Pour un coup d'essai, ce fut un coup de maître. En 2001, le réalisateur hispano-chilien Alejandro Amenàbar livrait son tout premier film tourné en langue anglaise : Les Autres.
Rassemblant ses thèmes fétiches tels que la mort, l’enfance, la solitude, l’illusion et l’acceptation, il les rattachait brillamment au fantastique et à une esthétique gothique, au service d'une œuvre dont le scénario est inspiré des films Les Innocents (tiré du roman Le Tour d’écrou d’Henry James) et La Maison du Diable.
Dans une interview de 2001, Amenàbar évoquait l'importance cruciale de la religion dans son film, voyant son œuvre comme une réflexion sur "la manière dont la religion donne un sens à la mort et au concept de destin". C'est dans cette logique que s'insèrent deux séquences dans le film. Deux séquences clés en fait.
"Parfois, le monde des morts se confond avec le monde des vivants"
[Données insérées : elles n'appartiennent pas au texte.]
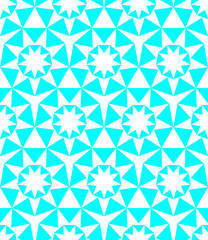 9 Pointed Star repeating white  pattern on a turquoise background, geometric vector illustration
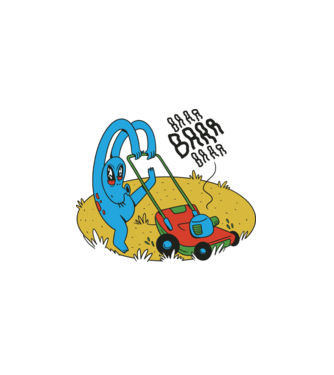Alien cu Mașină de tuns iarba model alb pe tricou
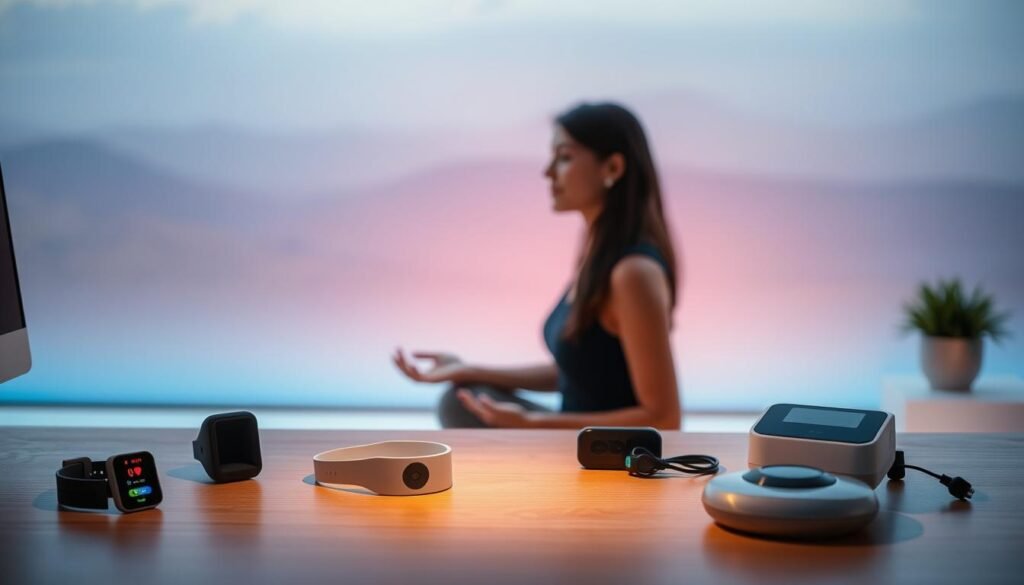 A serene workspace illuminated by soft, ambient lighting. In the foreground, an array of biofeedback devices - heart rate monitors, electrodermal activity sensors, and breathing pacer - resting on a minimalist wooden desk. The middle ground features a person engaged in a mindfulness exercise, their expression calm and focused. In the background, a tranquil landscape with rolling hills and a distant horizon, creating a sense of peaceful isolation. The overall composition conveys a soothing, therapeutic atmosphere conducive to emotional well-being.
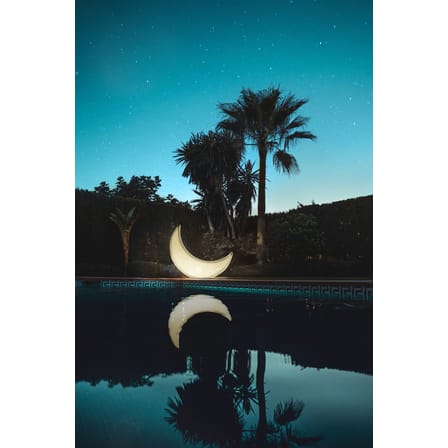 My Moon Outdoor floor lamp plastic material white / Luminous rocking chair - L 152 cm / Indoor-outdoor - Seletti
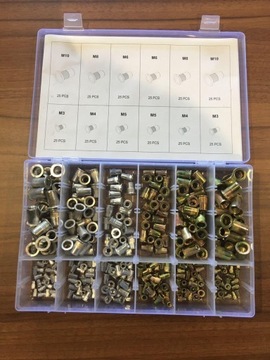ZESTAW NITONAKRĘTEK M3-M10 MIX 300SZT ALU+STAL
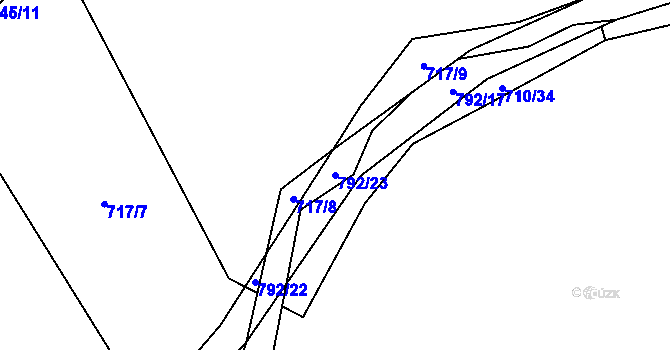 Parcela st. 792/23 v KÚ Štichov, Katastrální mapa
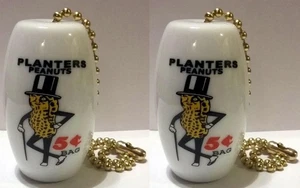 A Charming Set of 2 Planters Peanut Ceiling Light/ Fan Pulls #2 - Picture 1 of 1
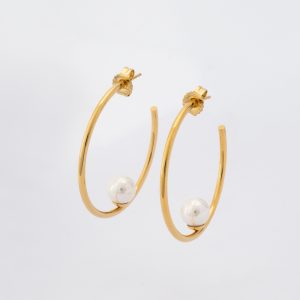 Brincos em prata Majorica - Argola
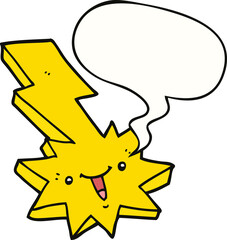 cartoon lightning strike and speech bubble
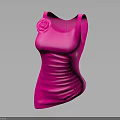 Stylish Pink Sleeveless Top With Ruched Design And Flower Decoration For Women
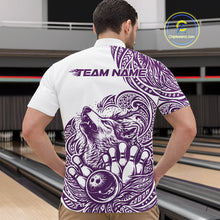 Load image into Gallery viewer, Custom Purple Tribal Pattern Maori Style Wolf Bowling Team Men Quarter-Zip Shirts IPHW10331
Alors qu'elle fouille dans sa maison à la recherche d'indices sur les précédents propriétaires du manoir, le personnage de Grace (Nicole Kidman) découvre un album ancien, un livre des morts rempli de photographies de personnes décédées, vêtues de leurs plus beaux atours et placées devant l'objectif d'un appareil photo par leurs proches.
Si elle pense de prime abord que ces personnes (hommes, femmes et enfants) se contentent de dormir, la gouvernante Bertha Mills (Fionnula Flanagan) lui explique que les personnes sur les photos ne dorment pas, mais sont mortes.
En tournant les pages, Grace est choquée de voir des portraits de groupe et des enfants assis les uns à côté des autres, les yeux fermés. Bertha Mills lui dit : "Parfois, le monde des morts se confond avec le monde des vivants".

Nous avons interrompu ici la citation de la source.